Por otra parte, la temática desarrollada por Ramón
Amaya Amador no es de esas que suelen calificarse de universales
porque hunden sus raíces en los problemas de un hombre etéreo:
habitante de todos los climas. En realidad, Amaya Amador tuvo un
solo tema: el hombre hondureño, visto con la óptica
del que contempla desde abajo, desde la entraña misma del
pueblo. Por eso, la creación de nuestro novelista es frecuentemente
filiada, en las taxonomías literarias al uso, dentro del
"regionalismo", al que, para cumplir cabalmente la tarea, se le
pega una tarjeta con la docta saliva del academicismo y se le manda
al rincón donde descansa el "arte superado". A esto se debe,
entre otras cosas, que las obras de Amaya Amador no siempre encuentran
buena acogida en ciertos círculos intelectuales de nuestro
continente, sobre todo aquellos que agitan los estandartes de la
renovación total frente a un arte de sabor criollo, al estilo
de Huasipungo, Los de Abajo, Doña Bárbara,
Cuentos de Pago Chico, y tantos testimonios más de
una temática que es siempre fecunda, como lo demuestra El
Llano en Llamas, de Juan Rulfo.
Pero hay que decir más. La actividad literaria no tuvo
en Amaya Amador un propósito esteticista. En realidad, ese
trabajo fue para el escritor de Olanchito una forma de militancia
revolucionaria; pero no cualquier forma, sino la más apasionada
e importante. De su pluma no salió una sola palabra, una
sola letra, que no estuviera dirigida a contribuir con eficacia
a la lucha del pueblo hondureño contra sus explotadores,
tanto nacionales como extranjeros.

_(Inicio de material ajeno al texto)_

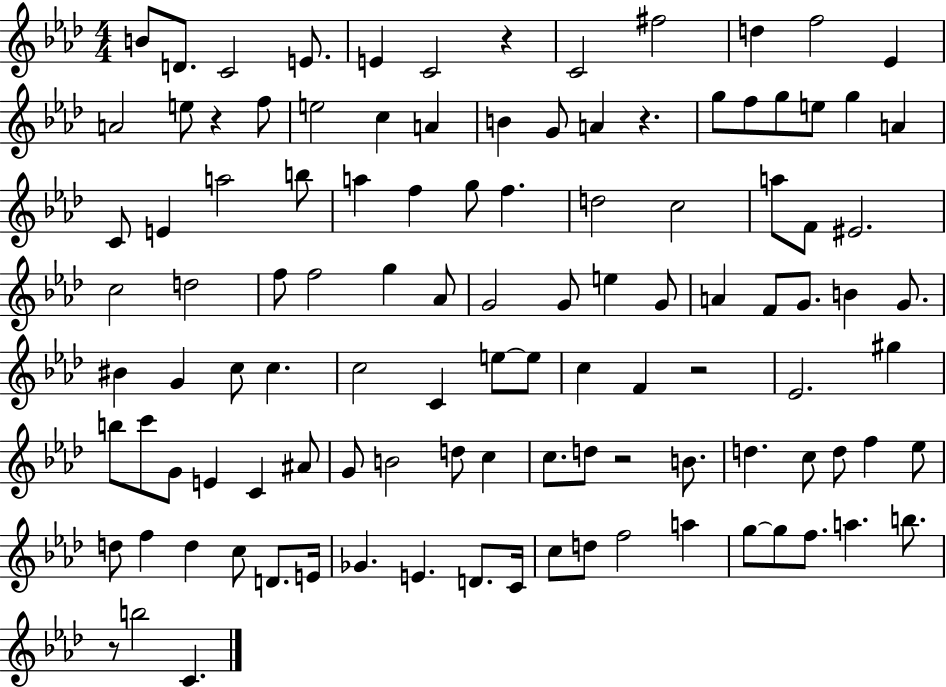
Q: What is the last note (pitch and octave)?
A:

Sus páginas son todas
militantes, les guste o no a quienes prefieren una literatura de
oropeles, exhibicionista, similar a esas parejas que son capaces
de embelesarnos con un cuadro de amor en el escenario, pero que
se vuelven inútiles cuando se trata de repetirlo en la soledad
de la alcoba. Amaya Amador no tocaba flautas para encantar serpientes:
fue el novelista de la clase obrera hondureña y, por ello,
sus obras, más que un arte puro, son el grito de combate
de uno más de los soldados proletarios. Quien las quiera
así, que las tome; quien no, que las deje, pues están
destinadas al pueblo trabajador y éste sí sabe valorarlas.